長い階段を下りて行くと5号路との交差点に当たる。そこからは高尾山稜の南に並行する高度400~500mの山稜線に入る。
さすがにハイカーの姿は激減した。それでも、チラホラとは見掛ける。
アップダウンも緩く、道幅があって歩きやすい道。ただ、見晴らしが開ける場所が無い。植樹帯を単調に歩いていくばかり。
と、思っていたら道が分かれて、左にあずま屋が見える。稲荷山展望台? もちろん、そちらへ。
東方への大きな見晴らし。赤みがかったビル群が見えている。これが今日最後の展望だろう。
コースに戻って、稜線をさらに進む。陽射しが次第に失われていく。日没が近い。
長い下山路だなあ、と思っていたら、ようやく下り始めた。でも、この時間から登って来る人もいるのだけど、何故なのだろう?

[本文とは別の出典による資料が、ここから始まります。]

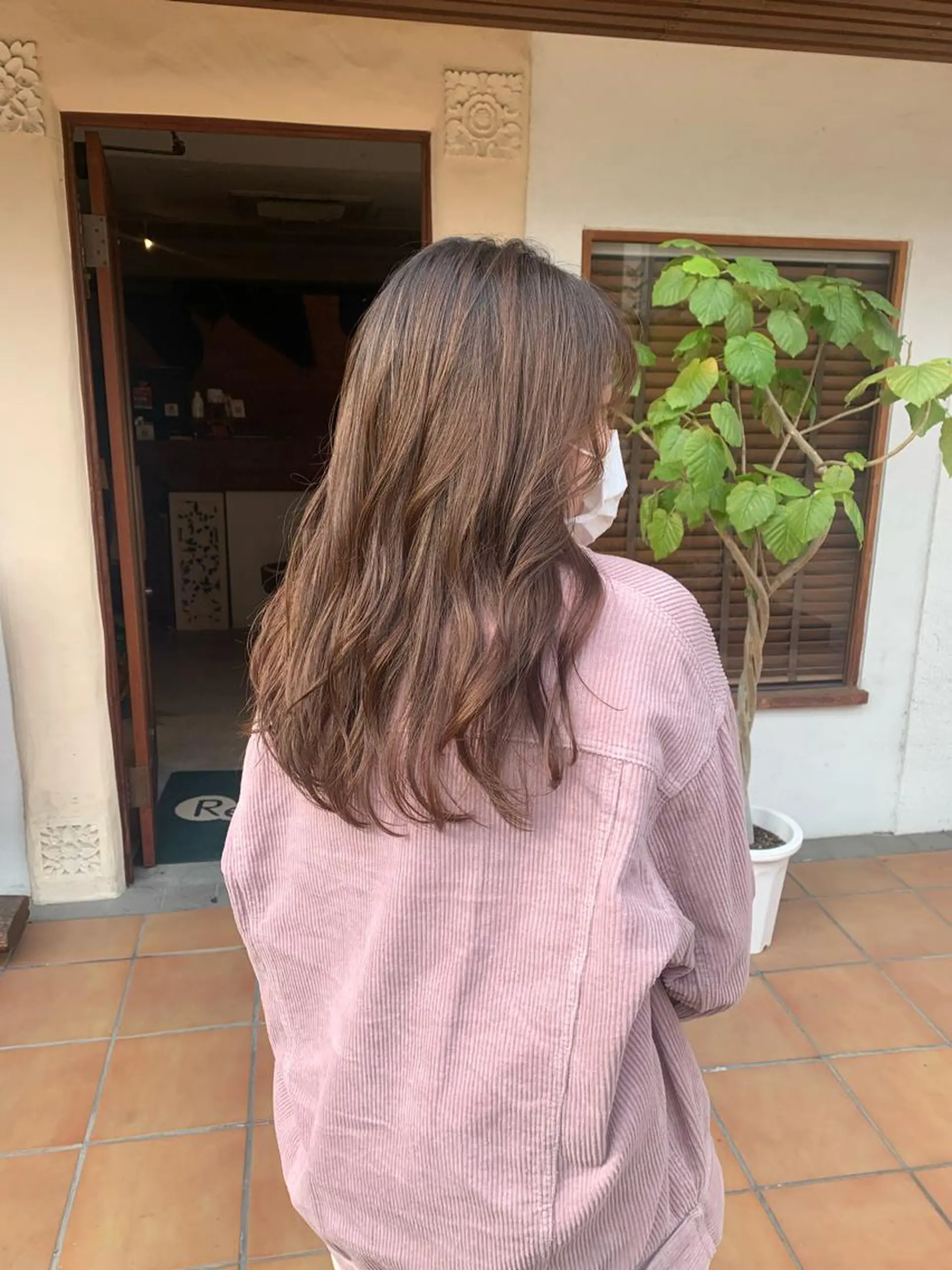 セミロング カラー カット ヘアカラー トリートメント ヘッドスパ putri 川邉 優花のヘアスタイル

尾根を大きく巻いて針路を北に帰ると、道は急下降を開始する。
最後は階段となって、清滝駅の脇に飛び出した。PM4:11。
清滝駅前は人が大勢いた。これからケーブルカーに乗る人達は、高尾山からの夜景を見に行く人たちだろうか。
とりあえず、東海自然歩道の起点を見に行く。――別に、なんの変哲もなくそこに立っていた。時折、足を止めて大阪まで続くそのコース図を眺める人がいるのも変わらない。

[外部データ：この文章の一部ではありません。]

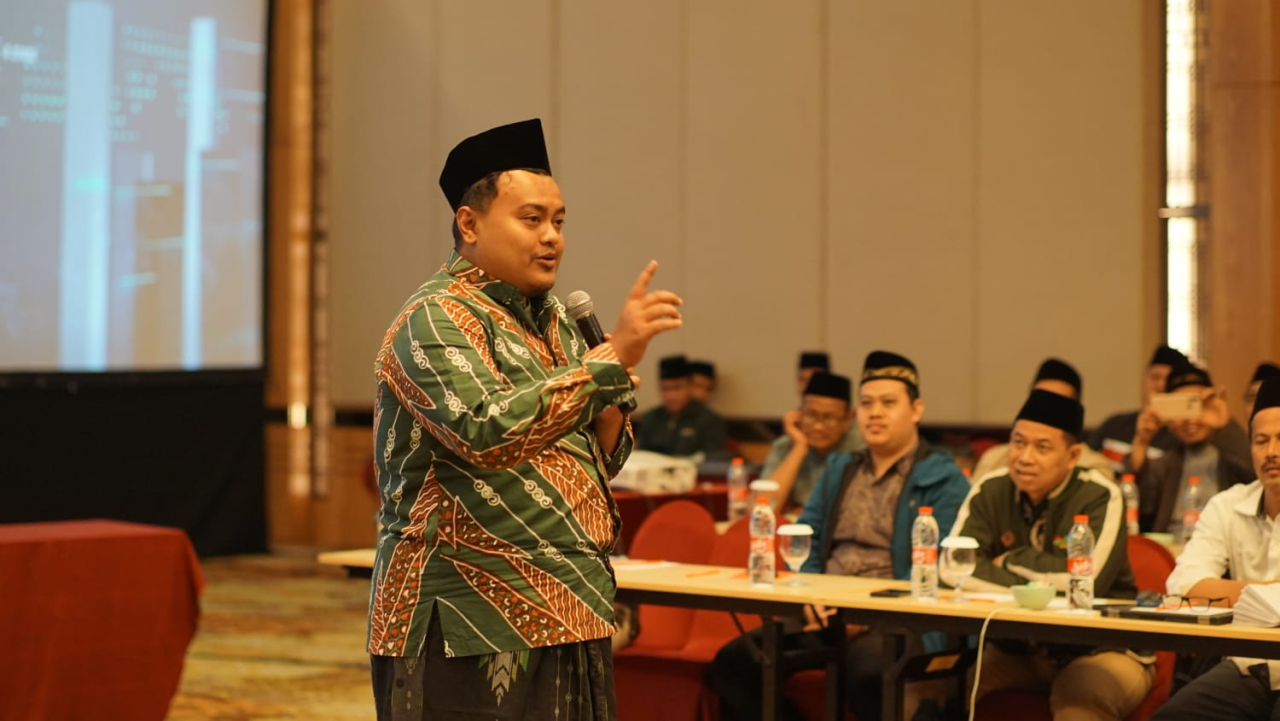 Gus Murrobi Binnur ketua Yayasan Pondok Pesantren Sunan Drajat, saat menyampaikan pemaparan dan harapannya kepada pengurus YPPSD untuk kemajuan pondok ke depannya. SP/MUHAJIRIN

踵を返して高尾山口へ向かう。この場所は既に自分にとっては通過点。
高尾山口駅に到着。駅舎はちょっとオシャレになっていた。有名になってしまったしなあ。
時刻表を見ると、すぐに新宿行き特急が出発する。慌てて入場。
ハイカーの姿が目立つ車内。東京で一番ハイカー目撃率の高いところかも知れない。
もっとも、高尾駅を過ぎたあたりで眠りに落ち込んだ。
目を覚ますと既に終点近かった。新宿駅で降車。
――いきなり迷う。適当に歩くいていくと南口に出た。正面にはバスタ新宿。
昨今、長距離移動手段は鉄道からマイカー・長距離バスへシフトしつつある。このバスタ新宿が開所したのも象徴的な出来事。
とは言え今日の自分の帰路の足は新幹線。始発駅の東京へと向かった。